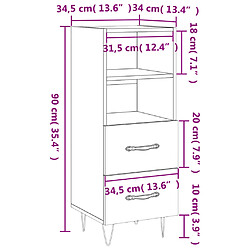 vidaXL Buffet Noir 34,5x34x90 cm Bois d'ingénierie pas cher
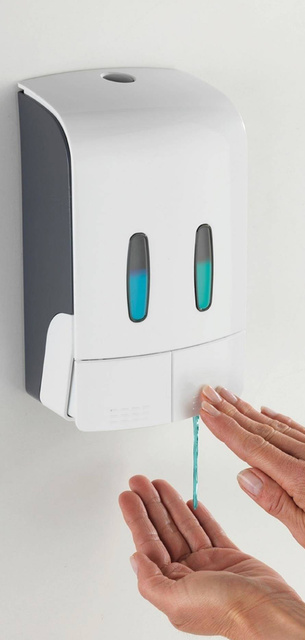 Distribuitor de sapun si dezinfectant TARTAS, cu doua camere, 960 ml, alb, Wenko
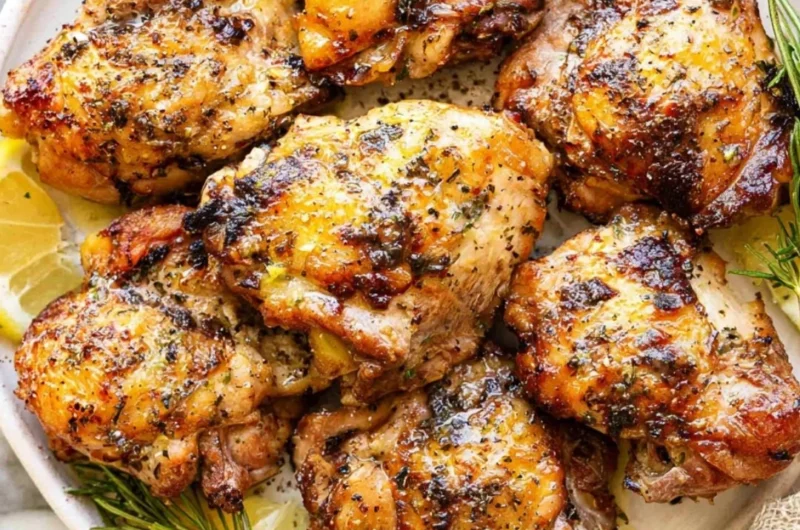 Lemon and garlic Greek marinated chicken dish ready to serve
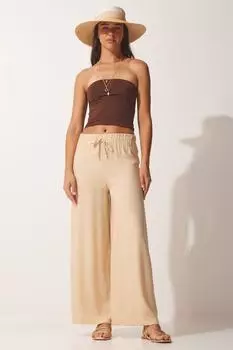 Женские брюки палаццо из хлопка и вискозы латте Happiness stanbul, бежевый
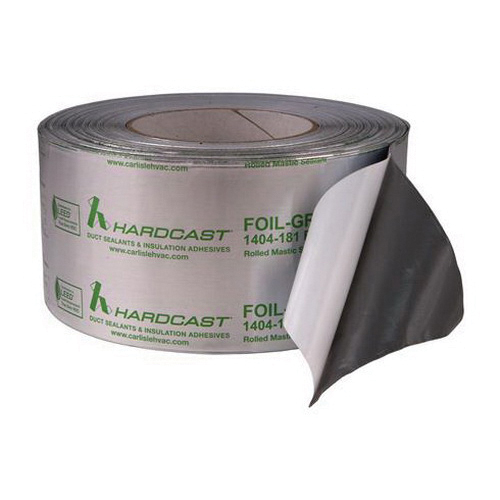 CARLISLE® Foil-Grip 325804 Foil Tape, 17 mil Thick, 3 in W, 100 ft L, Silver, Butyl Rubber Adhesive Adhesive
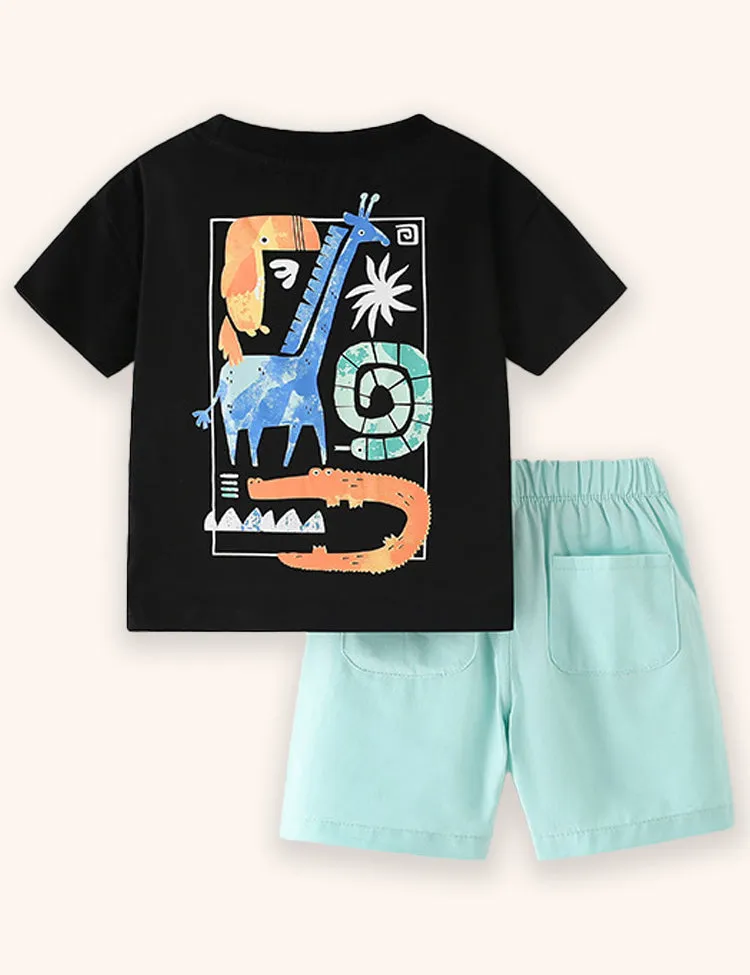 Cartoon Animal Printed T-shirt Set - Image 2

● ● ●

- Exercise prompt: Word for word, give again the lines from the line holding "Distribuitor de sapun" through the last line of the material, both included; pictures are not part of the copy.

- Answer for the task:
 Distribuitor de sapun si dezinfectant TARTAS, cu doua camere, 960 ml, alb, Wenko
 Lemon and garlic Greek marinated chicken dish ready to serve
 Женские брюки палаццо из хлопка и вискозы латте Happiness stanbul, бежевый
 CARLISLE® Foil-Grip 325804 Foil Tape, 17 mil Thick, 3 in W, 100 ft L, Silver, Butyl Rubber Adhesive Adhesive
 Cartoon Animal Printed T-shirt Set - Image 2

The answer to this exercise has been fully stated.